▶ _DATASET CONTENT_
:::::

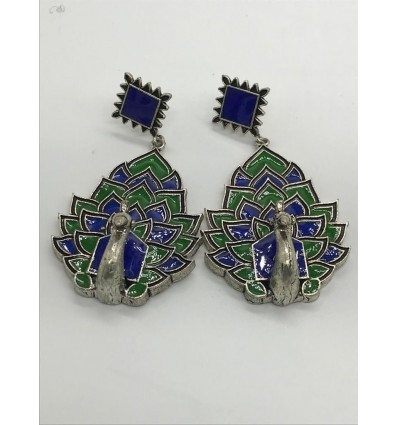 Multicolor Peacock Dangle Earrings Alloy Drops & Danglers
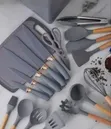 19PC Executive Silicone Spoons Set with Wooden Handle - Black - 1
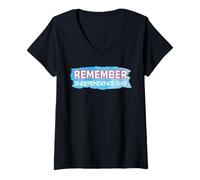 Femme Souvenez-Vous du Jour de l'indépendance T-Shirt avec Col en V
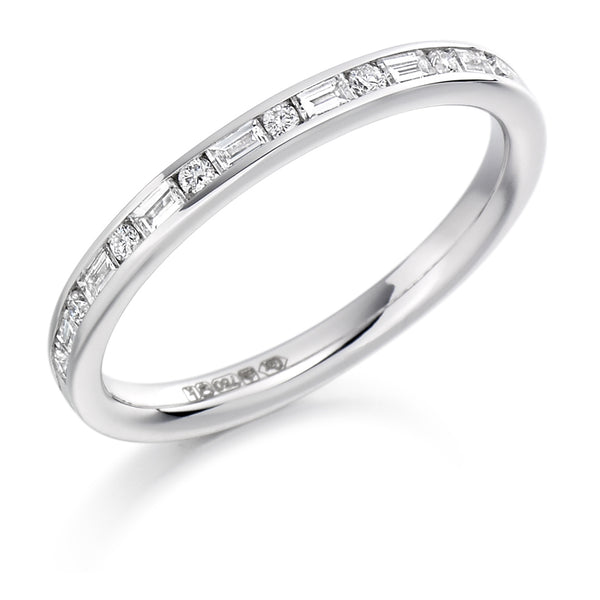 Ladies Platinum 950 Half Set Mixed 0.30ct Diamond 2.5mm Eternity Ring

:::::

▶ _AIM OF THE EXERCISE_
Everything from the line with "Femme Souvenez-Vous du" through the last line above should be reproduced exactly, both ends included; pictures must be omitted.

▶ _RESULT FOR THIS EXERCISE_
 Femme Souvenez-Vous du Jour de l'indépendance T-Shirt avec Col en V
 Ladies Platinum 950 Half Set Mixed 0.30ct Diamond 2.5mm Eternity Ring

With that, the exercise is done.